Some small businesses qualify for small business rate relief but it’s not always clear which businesses do. This article will help you find out.
What are business rates?
Business rates are charged on many non-domestic properties such as factories, offices, shops, pubs, guest houses, or warehouses. If you use part of a building or a while building for work purposes you may have to pay business rates.
What Is small business rate relief?
Small business rate relief is something that is given to small businesses if their rateable value (market value) of the property they work in is less than £15,000. Small businesses are also entitled to relief if they use just one property. However, in some circumstances, you may still have business rate relief if you have two or more properties.
Do I qualify for a small business rate relief?
Your business may qualify for a small business rate relief if your business is run in an exempted building. These are places that are used to look after people with disabilities. Some farm buildings may also be exempt. If you own a stable and your horses are used for farming you may not need to pay business rates on them.

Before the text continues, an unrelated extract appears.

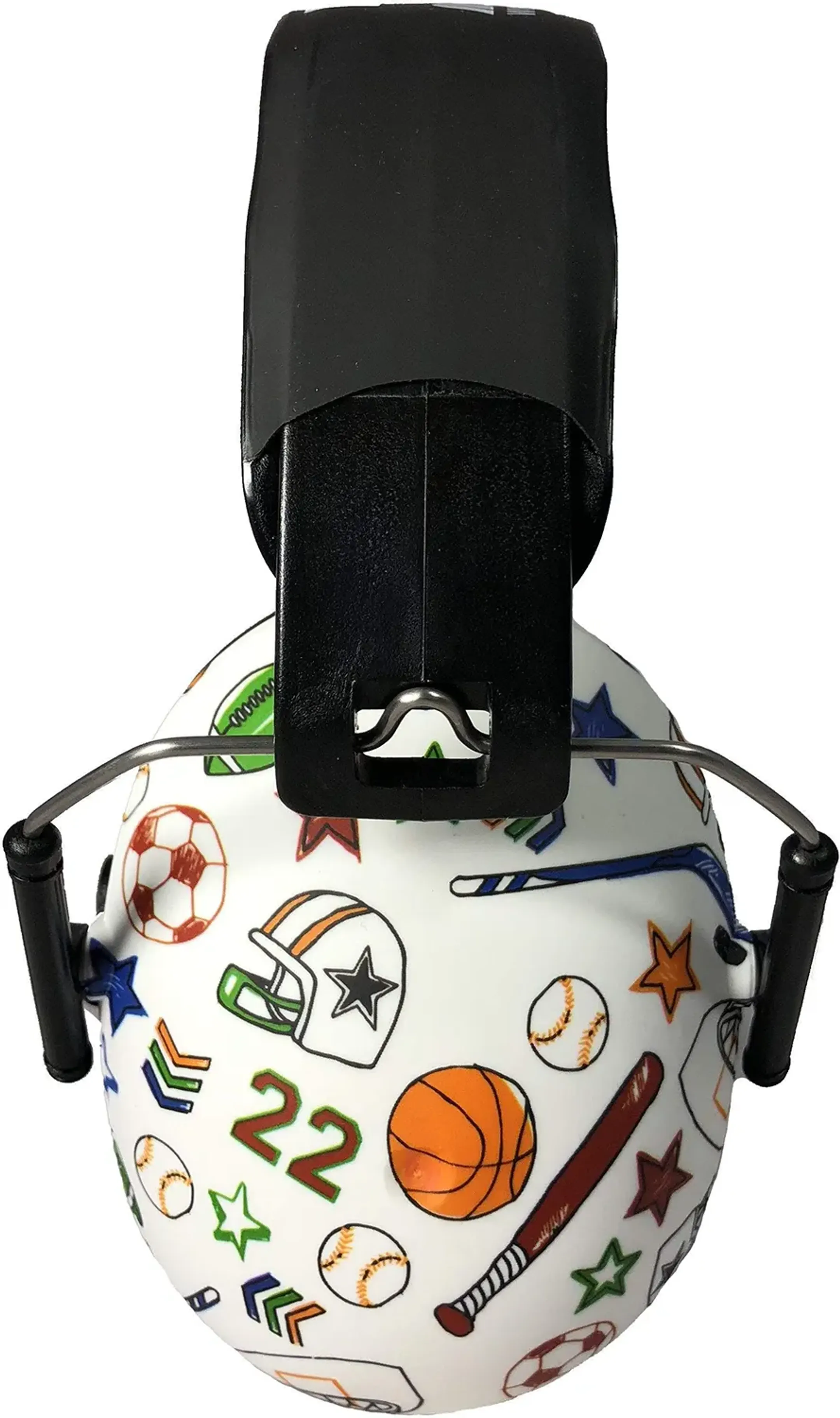 Banz Casque pour enfants à partir du 3 ans - Protection auditive - Blanc image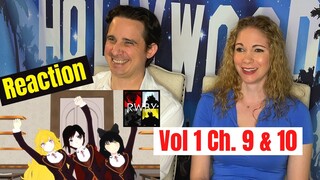 RWBY Volume 1 Chapters 9 and 10 Reaction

Additionally, you may not have to pay any business rates on:
- Fish farms.
- Agricultural buildings and land.
- Property that is used for the training of people with disabilities.
- Buildings that are registered as being used for religious worship.
- Church halls.
Please note that these exemptions have strict legal requirements.
If your property is located in England you can tell HMRC by using the Valuation Office Agency service.
You do not have to pay any business rates on a building that has been empty for three months. After this period of time, most small businesses will have to pay full business rates.
Some properties can ask for extended empty property relief if they are:
- A warehouse or industrial premises. They are exempt for an additional three months.
- A listed building if they are empty. Business rates will need to be repaid when they become occupied.
- A building that has a rateable value that is less than £2,900. Business rates will need to be repaid when it becomes occupied.
- A property that is owned by a charity. This is the case if the next time the property is used it will be for mostly charitable purposes.
- A community amateur sports club building. This is the case if the next time the property is used it will be used mostly as a sports club
Working from Home
If you are working from home it is unlikely that you will have to pay business rates if you use a part of your home such as a bedroom as an office. In addition to this, you will not have to pay business rates if you sell goods by post.
You may need to pay business rates in addition to council tax if your property is part domestic and part business. This is usually the case if you live above your shop.
You may also need to pay business rates if:
- You sell services of goods to those who visit your property.
- You employ people to work at the property.
- You have made changes to your home so that you can run a business.
Pubs and the Licensed Trade
In Wales and England, the VOA (Valuation Office Agency) will work out what your rateable value is. They will do this based on your annual level of trade. This is a level you are expected to achieve if the pub is operated in an efficient way. The VOA will take a look at the rental and the turnovers to determine what is a maintainable trade figure. This figure will result in a percentage being applied so the rateable value can be worked out.
The percentage will be agreed with the British Beer and Pub Association.
In Scotland, a local assessor will determine what the rateable value will be.